Charity recently opened a vintage shop in South East London called Charlie Foxtrot Vintage with her business partner, Frances Miller. They also make short films together, including Memento Vitae, which deals with costumes as artefacts. It’s quite a thing, balancing a business with an acting career that can take you far from home at a moment’s notice, but “I have always had a very busy life and my brain has always been quite busy.”
Charity initially held back from an acting career, only deciding to fully commit after taking a gap year after school. She cites the uncertainty, but I think it’s that active cerebrum – she just didn’t want to categorise herself. Once she had made the decision ,“I thought to myself, if this works out then hopefully you’ll get to play lots of different parts that mean you’re engaging in lots of different subjects and periods of history, and you’re learning lots of new skills.
“I have been so lucky that I have been able to do all the different things I wanted to do through acting. I have learnt to horse-ride, to sword-fight, I have wandered around beautiful old country estates in Regency dress in Sense and Sensibility: I feel so lucky to have that as a job. I always treasure it and if it ever runs out I will think I’ve had a good innings.”
It is an oft-repeated credo of historians that looking to the past helps us better understand the present. And for this Bexhill actress, portraying the past is paving the way to a glittering future.
My favourite Sussex
• Place to visit - I love the De La Warr Pavilion, it’s so beautiful. That promenade on Bexhill seafront, I used to go there as a kid all the time. I particularly love the sea and I really miss it, living in London as I do. Sometimes it’s so nice just to take a deep breath and sit by the sea. I recently wanted to get a beach hut but they’re really expensive, I can’t possibly do it!
• Shop - Bexhill has really cool, tiny old teashops and there are a lot of really lovely vintage places. I have a vintage shop in London so I’m predisposed to being interested in that. I love the Old Town in Hastings and there’s an amazing shop there called The Home Store that I went into the other day. It’s a totally refurbished Victorian shop and they have exposed the skeleton of the house. They have merchandised that shop so beautifully.

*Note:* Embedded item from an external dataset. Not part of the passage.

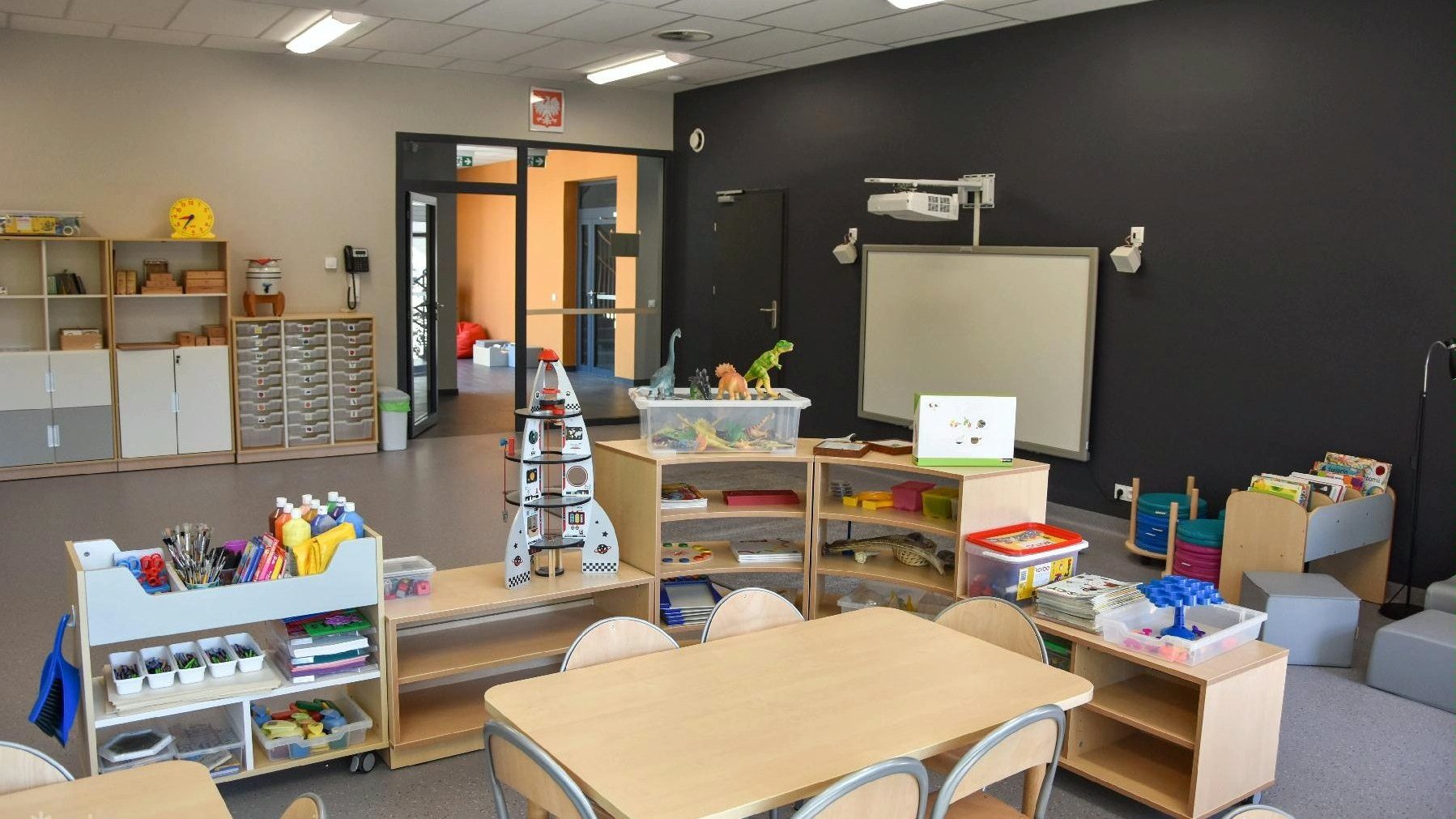 Na zdjęciu sala w przedszkolu z zabawkami, stolikami i edukacyjnymi przedmiotami - grafika artykułu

• Building - I love Hastings Pier and I used to go there a lot as a kid. I used to go clubbing on the end of the pier. My Nan is in a retirement home near the pier and I remember when the pier burnt down, going to visit my Nan and a lot of the elderly ladies were just so sad about it because of the history. They used to go to dances at the end of the pier – as I did, but perhaps a different type of dancing!
A friend of mine from school has been on the panel and has been quite instrumental in raising money to bring Hastings Pier back. It’s a sort of co-op situation now. They’ve got government funding but also a lot of local people have stakes in the pier, so it’s going to be quite exciting when that fully opens.